Abstract :
[fr] Le pouvoir entretient des liens plus paradoxaux qu'il n'y paraît avec l'imagination.
D'un côté, l'imagination lui est indispensable. En effet, face à un problème quelconque, il faut aux politiques imaginer des solutions ou, à tout le moins, concevoir comment adapter d'anciennes formules à une situation problématique nouvelle. Mais cela va plus loin : se maintenir au pouvoir dans les sociétés démocratiques exige aussi d'user d'imagination tant pour présenter sous un angle favorable ses propres actions que pour présenter sous un aspect négatif, voir scandaleux, les actions des adversaires. En outre, il n'est pas inutile de détourner l'attention d'un cas gênant ou, à l'inverse, rendre tout à coup indigne l'attitude des adversaires, alors qu'elle paraissait jusqu'alors tolérable, à défaut d'être recommandable. Dans tous ces types d'actions, la faculté d'imagination est un auxiliaire indispensable du pouvoir.
D'autre part, l'imagination apparaît souvent comme opposée au politique dans la mesure où les politiques recherchent essentiellement des solutions concrètes, efficaces et immédiatement applicables. Sans compter que la résistance de la population aux changements est souvent importante et que si le pouvoir veut apporter des modifications significatives, il a souvent intérêt à faire passer sa réforme comme une modification administrative sans importance, voire comme un simple changement de termes.
Dans cette perspective, l'utopie peut donc apparaître doublement problématique pour le pouvoir : d'une part, parce qu'elle suggère un changement radical de la forme du pouvoir sans guère tenir compte de ce qui existe autrement que pour le critiquer ; d'autre part, parce qu'elle pousse l'imagination bien au-delà de ce qui est réaliste. En effet, les utopies littéraires ne se contentent pas de suggérer des améliorations, même importantes à une situation donnée. Elle optent plutôt pour une rupture radicale avec ce que l'on connaît. Et l'imagination dont les utopistes ont pu faire preuve est presque sans borne ; elle ne laisse aucun doute quant à la remise en question totale de la forme de la société et du pouvoir.
On pourrait donc soupçonner que les utopies littéraires, lâchant trop la bride à l'imagination, ne vont pas avoir d'effets sur le pouvoir, sauf à soupçonner qu'elles pourraient malgré tout suggérer presque sans le vouloir, des solution qui ne seraient pas trop difficiles à réaliser.
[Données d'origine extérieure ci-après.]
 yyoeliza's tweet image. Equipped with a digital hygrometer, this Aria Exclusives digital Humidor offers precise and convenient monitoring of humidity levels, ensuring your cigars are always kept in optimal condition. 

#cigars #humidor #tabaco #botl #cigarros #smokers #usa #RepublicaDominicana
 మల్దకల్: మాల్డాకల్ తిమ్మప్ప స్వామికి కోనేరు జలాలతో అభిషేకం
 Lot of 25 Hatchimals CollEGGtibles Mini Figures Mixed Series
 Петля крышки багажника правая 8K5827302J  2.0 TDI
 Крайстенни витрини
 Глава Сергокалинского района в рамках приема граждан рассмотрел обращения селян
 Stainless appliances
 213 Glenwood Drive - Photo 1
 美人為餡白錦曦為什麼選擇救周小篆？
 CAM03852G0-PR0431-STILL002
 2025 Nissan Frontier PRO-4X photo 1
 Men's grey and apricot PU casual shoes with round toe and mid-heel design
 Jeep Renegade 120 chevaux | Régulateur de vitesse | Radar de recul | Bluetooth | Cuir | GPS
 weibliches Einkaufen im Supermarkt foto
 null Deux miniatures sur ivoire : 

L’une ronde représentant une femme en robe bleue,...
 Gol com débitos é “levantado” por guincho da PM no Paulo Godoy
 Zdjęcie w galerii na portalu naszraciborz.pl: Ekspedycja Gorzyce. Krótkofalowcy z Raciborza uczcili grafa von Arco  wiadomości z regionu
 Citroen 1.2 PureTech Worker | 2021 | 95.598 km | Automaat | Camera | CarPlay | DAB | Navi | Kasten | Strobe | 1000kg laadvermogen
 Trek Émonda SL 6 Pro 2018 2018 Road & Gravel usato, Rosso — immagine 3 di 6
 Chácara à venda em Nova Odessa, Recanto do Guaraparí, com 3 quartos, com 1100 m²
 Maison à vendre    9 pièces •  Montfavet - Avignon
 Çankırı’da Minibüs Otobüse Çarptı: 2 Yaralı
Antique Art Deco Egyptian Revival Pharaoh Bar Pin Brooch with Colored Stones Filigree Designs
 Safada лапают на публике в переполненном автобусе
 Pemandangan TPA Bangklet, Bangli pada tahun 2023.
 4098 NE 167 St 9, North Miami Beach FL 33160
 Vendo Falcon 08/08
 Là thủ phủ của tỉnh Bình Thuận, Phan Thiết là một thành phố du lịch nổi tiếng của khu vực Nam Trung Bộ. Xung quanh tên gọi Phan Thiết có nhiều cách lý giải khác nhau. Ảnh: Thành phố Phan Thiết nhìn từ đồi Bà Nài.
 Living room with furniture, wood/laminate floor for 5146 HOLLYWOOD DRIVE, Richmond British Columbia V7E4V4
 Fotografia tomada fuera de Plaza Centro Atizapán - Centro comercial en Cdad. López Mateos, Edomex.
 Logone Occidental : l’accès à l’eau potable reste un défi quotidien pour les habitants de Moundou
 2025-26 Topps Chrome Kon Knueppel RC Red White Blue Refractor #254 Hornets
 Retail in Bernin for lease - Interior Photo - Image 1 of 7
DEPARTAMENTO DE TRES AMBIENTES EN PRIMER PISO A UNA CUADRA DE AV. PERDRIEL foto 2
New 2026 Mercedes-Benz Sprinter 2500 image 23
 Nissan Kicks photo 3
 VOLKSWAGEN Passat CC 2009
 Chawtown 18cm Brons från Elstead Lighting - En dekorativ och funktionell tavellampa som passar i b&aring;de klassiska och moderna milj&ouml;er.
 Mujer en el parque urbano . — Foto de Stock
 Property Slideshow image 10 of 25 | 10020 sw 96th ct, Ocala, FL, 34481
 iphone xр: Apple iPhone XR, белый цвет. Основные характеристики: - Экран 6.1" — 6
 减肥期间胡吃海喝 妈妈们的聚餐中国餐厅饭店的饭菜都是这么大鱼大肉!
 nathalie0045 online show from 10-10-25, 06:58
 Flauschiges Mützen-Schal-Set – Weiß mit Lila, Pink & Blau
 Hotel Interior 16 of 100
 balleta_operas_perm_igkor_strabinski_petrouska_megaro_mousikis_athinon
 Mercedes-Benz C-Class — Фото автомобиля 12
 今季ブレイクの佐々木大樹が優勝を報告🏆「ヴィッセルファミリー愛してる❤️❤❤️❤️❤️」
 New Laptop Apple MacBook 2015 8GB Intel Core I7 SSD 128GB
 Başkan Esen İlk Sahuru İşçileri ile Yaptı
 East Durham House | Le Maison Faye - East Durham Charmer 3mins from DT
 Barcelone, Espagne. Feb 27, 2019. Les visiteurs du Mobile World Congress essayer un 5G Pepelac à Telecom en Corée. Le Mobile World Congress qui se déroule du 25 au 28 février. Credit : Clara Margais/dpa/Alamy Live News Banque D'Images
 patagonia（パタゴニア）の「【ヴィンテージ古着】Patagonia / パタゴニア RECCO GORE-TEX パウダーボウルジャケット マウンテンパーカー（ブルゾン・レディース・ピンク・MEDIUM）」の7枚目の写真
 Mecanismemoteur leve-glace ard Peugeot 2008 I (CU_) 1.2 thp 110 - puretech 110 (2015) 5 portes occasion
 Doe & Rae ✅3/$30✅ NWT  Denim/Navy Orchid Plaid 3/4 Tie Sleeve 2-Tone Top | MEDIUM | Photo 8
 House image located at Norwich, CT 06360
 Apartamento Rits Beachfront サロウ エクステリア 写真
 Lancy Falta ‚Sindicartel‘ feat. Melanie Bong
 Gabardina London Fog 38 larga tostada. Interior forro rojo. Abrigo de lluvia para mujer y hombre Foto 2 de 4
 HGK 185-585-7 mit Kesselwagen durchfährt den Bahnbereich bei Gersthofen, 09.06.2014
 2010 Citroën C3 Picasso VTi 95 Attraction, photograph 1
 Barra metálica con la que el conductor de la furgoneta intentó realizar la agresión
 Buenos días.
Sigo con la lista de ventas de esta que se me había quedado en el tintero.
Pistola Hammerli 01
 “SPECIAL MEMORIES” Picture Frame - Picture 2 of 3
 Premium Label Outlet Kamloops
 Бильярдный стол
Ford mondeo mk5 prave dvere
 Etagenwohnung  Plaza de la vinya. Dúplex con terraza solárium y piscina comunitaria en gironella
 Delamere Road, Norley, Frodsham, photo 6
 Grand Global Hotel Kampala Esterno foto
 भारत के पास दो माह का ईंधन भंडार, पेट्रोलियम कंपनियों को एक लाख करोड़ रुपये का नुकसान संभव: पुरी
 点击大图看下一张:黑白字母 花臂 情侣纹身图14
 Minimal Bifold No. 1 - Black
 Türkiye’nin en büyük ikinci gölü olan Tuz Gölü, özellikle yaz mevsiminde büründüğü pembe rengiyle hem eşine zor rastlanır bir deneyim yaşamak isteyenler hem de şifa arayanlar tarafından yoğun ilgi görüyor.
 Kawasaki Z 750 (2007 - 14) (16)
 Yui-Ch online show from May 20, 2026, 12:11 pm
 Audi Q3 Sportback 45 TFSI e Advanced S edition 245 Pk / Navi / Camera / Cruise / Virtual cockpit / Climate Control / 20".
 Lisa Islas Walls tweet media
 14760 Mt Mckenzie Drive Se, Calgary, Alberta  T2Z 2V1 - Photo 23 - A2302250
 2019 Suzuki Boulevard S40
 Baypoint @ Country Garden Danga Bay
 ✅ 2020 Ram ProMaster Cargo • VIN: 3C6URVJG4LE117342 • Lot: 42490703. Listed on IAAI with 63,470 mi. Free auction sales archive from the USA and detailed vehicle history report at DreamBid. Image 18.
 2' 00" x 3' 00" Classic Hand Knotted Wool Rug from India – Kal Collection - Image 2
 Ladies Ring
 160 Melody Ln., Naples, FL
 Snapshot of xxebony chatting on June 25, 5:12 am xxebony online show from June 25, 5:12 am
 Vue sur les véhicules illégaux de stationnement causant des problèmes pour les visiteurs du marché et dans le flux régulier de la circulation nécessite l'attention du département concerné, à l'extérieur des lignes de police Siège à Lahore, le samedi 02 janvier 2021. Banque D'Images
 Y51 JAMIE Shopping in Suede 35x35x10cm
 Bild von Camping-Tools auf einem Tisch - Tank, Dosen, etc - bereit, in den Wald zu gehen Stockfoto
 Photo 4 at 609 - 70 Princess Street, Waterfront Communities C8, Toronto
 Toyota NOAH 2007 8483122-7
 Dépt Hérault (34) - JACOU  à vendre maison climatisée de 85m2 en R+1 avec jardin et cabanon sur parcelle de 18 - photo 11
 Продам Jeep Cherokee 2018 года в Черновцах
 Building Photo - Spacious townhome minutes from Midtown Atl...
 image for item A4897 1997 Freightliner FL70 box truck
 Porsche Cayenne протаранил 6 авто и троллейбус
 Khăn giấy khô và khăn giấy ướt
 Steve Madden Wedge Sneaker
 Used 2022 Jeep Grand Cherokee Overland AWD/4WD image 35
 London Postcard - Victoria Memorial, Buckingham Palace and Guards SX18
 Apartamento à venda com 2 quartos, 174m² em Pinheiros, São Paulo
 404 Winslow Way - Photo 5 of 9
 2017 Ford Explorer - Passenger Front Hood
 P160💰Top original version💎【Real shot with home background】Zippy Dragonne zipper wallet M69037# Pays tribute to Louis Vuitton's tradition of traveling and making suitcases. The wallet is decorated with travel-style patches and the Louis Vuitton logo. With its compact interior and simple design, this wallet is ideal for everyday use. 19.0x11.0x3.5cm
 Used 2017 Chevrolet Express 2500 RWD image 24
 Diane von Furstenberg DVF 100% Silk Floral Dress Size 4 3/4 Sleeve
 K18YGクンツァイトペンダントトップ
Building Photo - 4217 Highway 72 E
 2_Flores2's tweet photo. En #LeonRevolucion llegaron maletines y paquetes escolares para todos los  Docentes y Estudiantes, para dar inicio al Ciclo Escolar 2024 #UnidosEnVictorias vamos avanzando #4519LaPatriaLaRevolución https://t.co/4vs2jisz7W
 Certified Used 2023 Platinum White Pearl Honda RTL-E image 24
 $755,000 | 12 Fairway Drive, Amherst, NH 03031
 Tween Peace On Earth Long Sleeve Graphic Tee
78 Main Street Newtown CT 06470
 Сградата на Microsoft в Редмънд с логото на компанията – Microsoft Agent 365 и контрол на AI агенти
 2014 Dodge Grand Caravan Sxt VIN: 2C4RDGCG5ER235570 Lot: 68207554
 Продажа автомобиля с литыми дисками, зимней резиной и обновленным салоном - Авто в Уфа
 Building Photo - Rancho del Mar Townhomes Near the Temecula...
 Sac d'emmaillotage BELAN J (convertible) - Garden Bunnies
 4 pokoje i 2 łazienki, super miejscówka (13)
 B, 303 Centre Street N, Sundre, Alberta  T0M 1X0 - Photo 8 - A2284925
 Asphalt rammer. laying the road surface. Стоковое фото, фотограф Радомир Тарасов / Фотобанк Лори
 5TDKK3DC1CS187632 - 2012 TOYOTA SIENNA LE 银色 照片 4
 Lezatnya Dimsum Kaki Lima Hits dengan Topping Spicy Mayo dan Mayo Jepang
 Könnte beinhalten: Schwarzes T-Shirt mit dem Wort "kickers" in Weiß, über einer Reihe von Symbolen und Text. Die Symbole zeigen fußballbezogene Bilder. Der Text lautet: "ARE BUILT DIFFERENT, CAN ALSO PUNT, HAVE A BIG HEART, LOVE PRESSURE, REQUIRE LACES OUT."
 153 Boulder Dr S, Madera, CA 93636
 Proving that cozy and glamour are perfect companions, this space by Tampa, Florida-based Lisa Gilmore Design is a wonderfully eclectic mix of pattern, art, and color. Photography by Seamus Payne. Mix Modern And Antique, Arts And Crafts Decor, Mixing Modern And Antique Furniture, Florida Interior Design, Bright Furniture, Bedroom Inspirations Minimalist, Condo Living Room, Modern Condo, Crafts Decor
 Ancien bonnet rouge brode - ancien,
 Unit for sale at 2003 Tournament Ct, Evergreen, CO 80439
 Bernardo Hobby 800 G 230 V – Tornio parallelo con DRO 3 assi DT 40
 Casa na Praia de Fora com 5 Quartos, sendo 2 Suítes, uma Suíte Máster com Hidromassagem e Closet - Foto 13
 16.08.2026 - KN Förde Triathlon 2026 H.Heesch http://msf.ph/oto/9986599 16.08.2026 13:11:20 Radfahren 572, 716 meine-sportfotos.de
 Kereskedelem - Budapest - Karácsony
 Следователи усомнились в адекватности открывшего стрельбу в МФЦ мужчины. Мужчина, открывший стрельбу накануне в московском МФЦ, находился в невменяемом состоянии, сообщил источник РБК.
Pourtant, il me semble que c'est justement parce qu'elles ne cherchent pas à proposer des solutions réalistes, qu'elles vont avoir un véritable effet. C'est la thèse que je défendrai. Pour ce faire, je m'appuierai sur une analyse des utopies modernes classiques telles que celles de More et de Campanella. Je montrerai d'abord combien les utopies contiennent de nombreux éléments suggérant que leurs auteurs ne souhaitent pas voir ces sociétés prétendues idéales se réaliser. Je montrerai ensuite que ces utopies sont autant faites pour susciter l'admiration que le rejet par leurs lecteurs. A partir de là, je m'attellerai à comprendre les raisons qui ont pu malgré tout faire de ces ouvrages des textes à caractère profondément politique. J'émettrai l'hypothèse que cette position ambiguë dans laquelle les utopies classiques mettent leurs lecteurs est destinée à transformer leur imaginaire politique. Je conclurai en montrant comment une société où les citoyens développent leur imaginaire politique est une société différente et, par conséquent, comment, par le pouvoir de l'imagination, une fiction va transformer la réalité du pouvoir.